WORKING DATA>
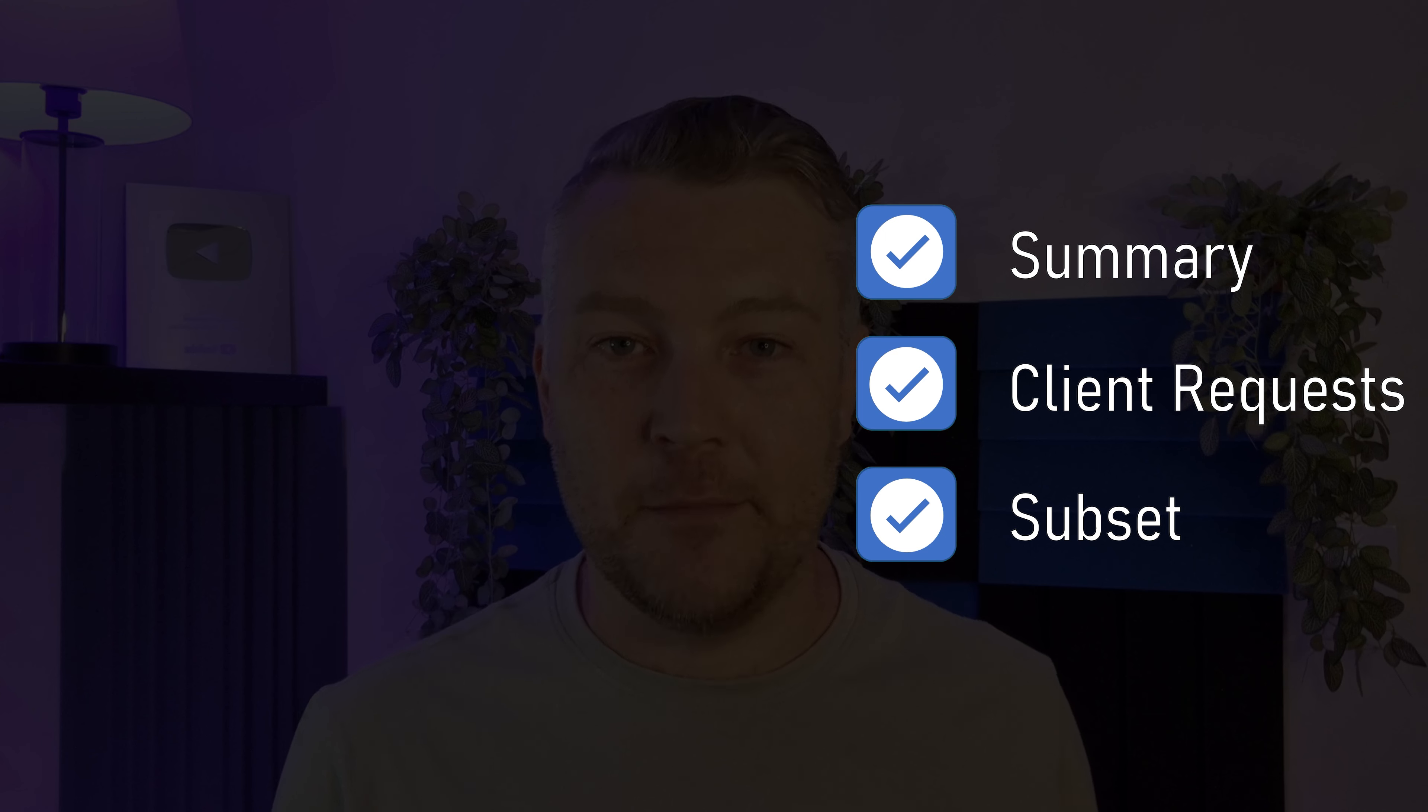The second message type is a client request. This is a request from a client to get more information about VLANs that it wants to configure. And the third message is a subset message. This is a response to a client request with the information needed to configure that VLAN.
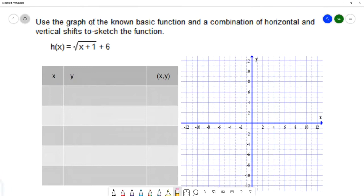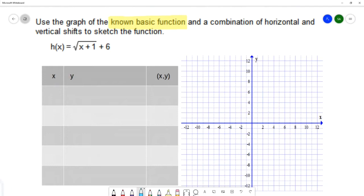In this example we want to use the graph of the known basic function and a combination of horizontal and vertical shifts to sketch the graph of the function. The function we're interested in is h of x equals the square root of x plus 1 plus 6. We're going to start with the graph of the known basic function, which is y equals square root of x.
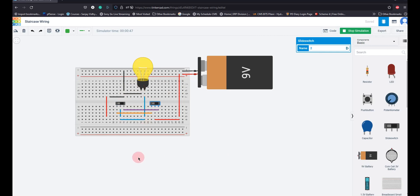This is how we implement a simple staircase wiring. Is it clear to all of you?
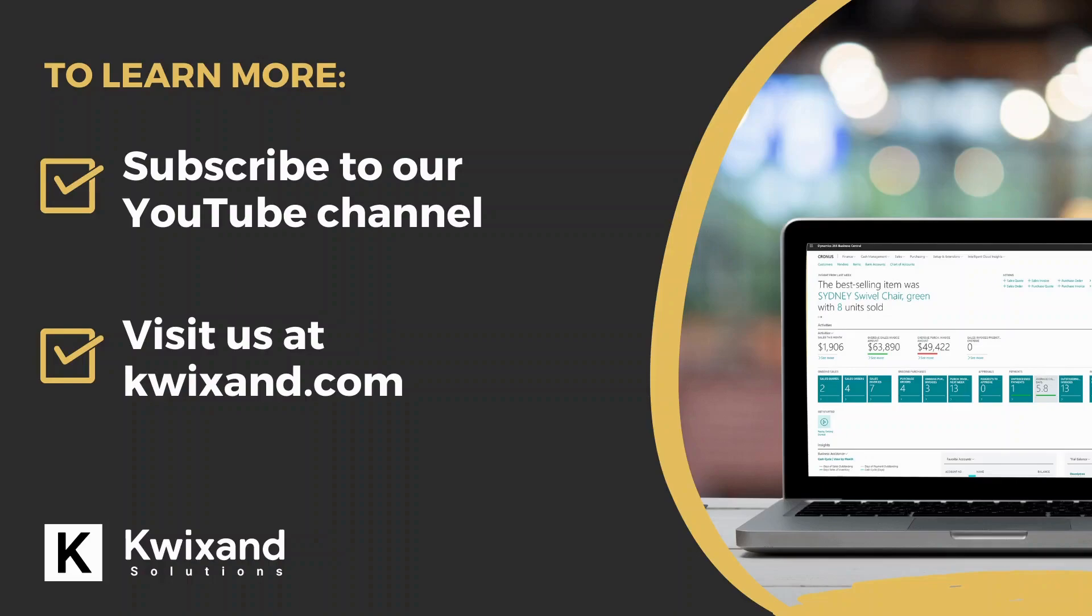That brings us to the end of our video on setting up additional price lists specific to the jobs module. If you'd like to learn more, visit and subscribe to our YouTube channel for more helpful videos on Dynamics 365 Business Central. You can also visit us at quicksand.com for more resources and articles around Business Central. Thanks for watching.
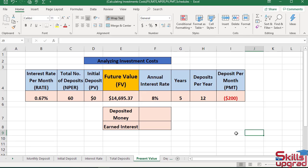Suppose I want to achieve a goal of $60,000 in my savings account. If I deposit $300 per month at a 7% annual interest rate over 8 years to reach a goal of $60,000, how much initial deposit will achieve that goal after 8 years? For this purpose, the PV function is used. This function calculates the initial deposit or starting balance of an investment.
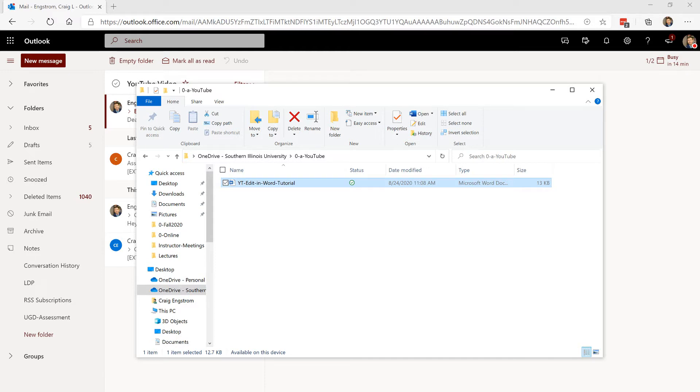Hey there everybody, Craig here. In this video I'm going to jump right into it and show you how you can edit collaboratively a Word document either in a browser or in a desktop app.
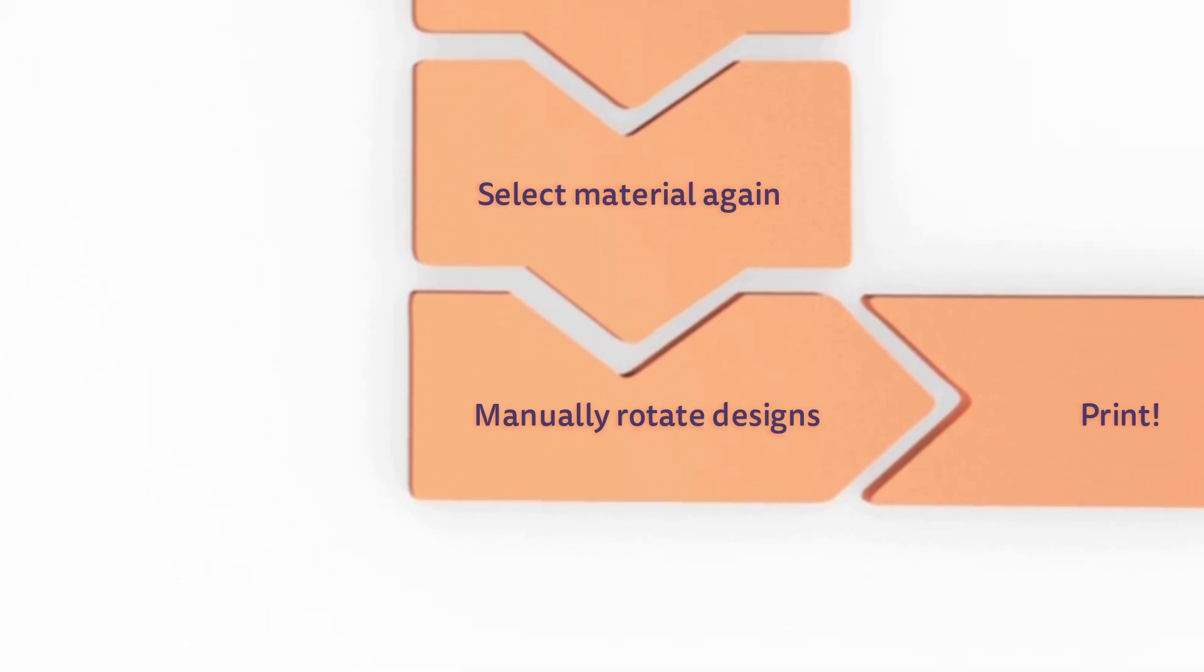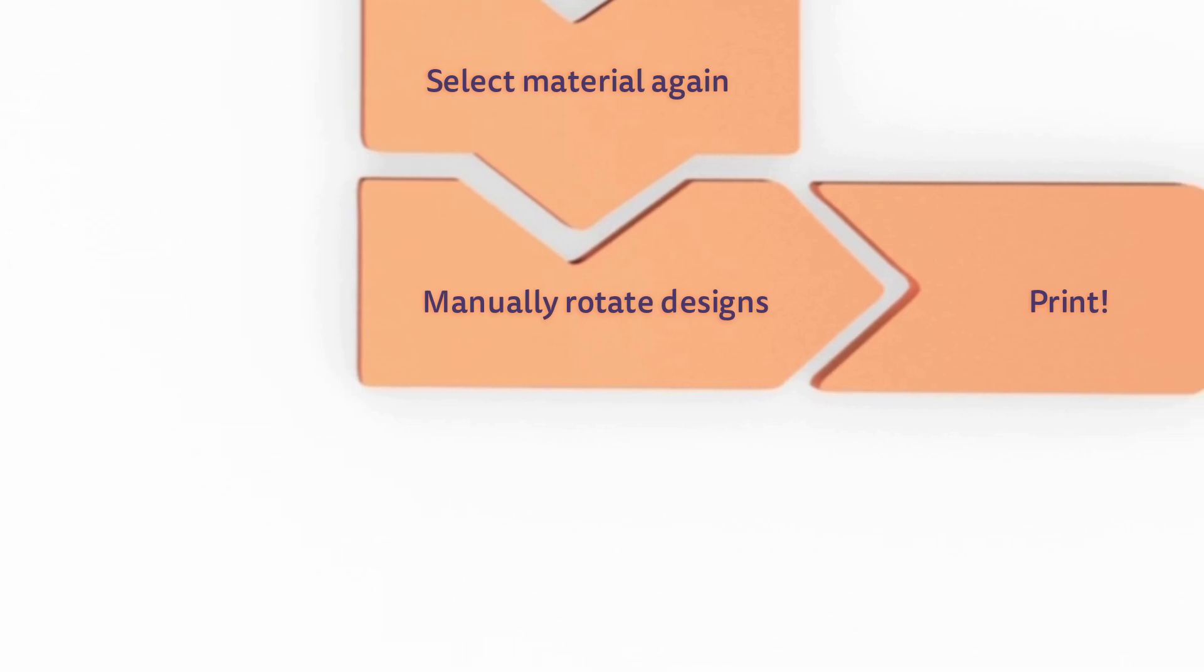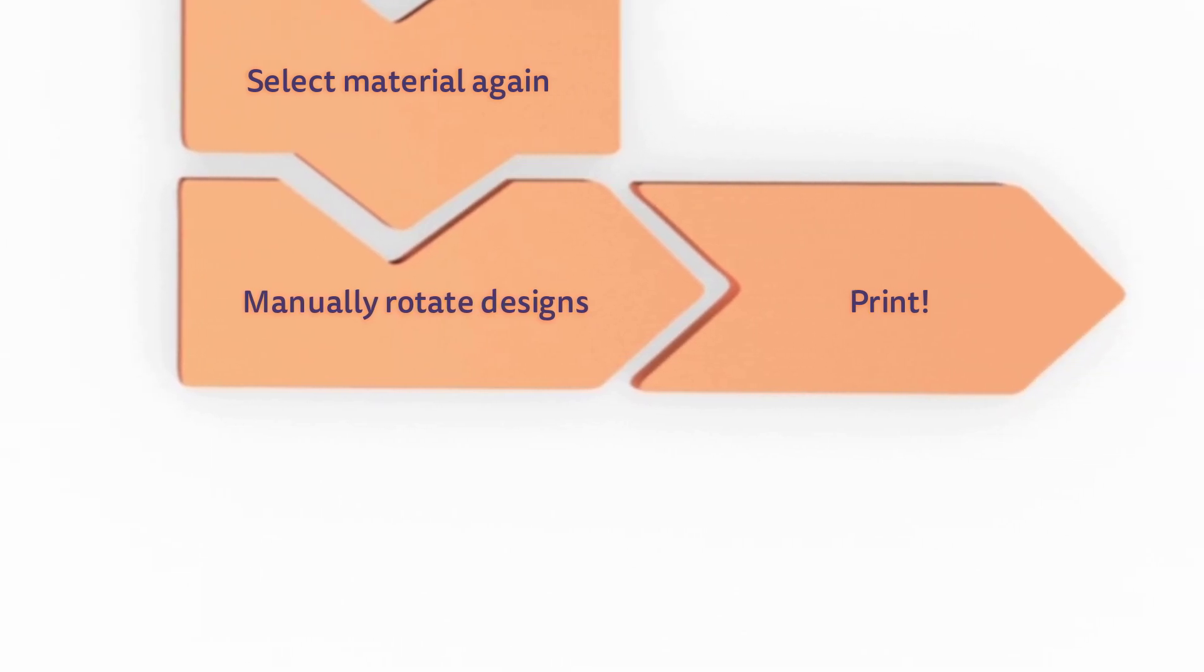Finally, in most cases you must manually rotate the printed objects to correctly position them on the platform for optimal printing. Only then can you start the printing process.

TASK TO CARRY OUT> Would you restate, exactly and with no pictures, the lines of the entries above from the one containing "This is how" through the one containing "Suppose I want"?

ANSWER>
This is how we implement a simple staircase wiring. Is it clear to all of you?
That brings us to the end of our video on setting up additional price lists specific to the jobs module. If you'd like to learn more, visit and subscribe to our YouTube channel for more helpful videos on Dynamics 365 Business Central. You can also visit us at quicksand.com for more resources and articles around Business Central. Thanks for watching.
Suppose I want to achieve a goal of $60,000 in my savings account. If I deposit $300 per month at a 7% annual interest rate over 8 years to reach a goal of $60,000, how much initial deposit will achieve that goal after 8 years? For this purpose, the PV function is used. This function calculates the initial deposit or starting balance of an investment.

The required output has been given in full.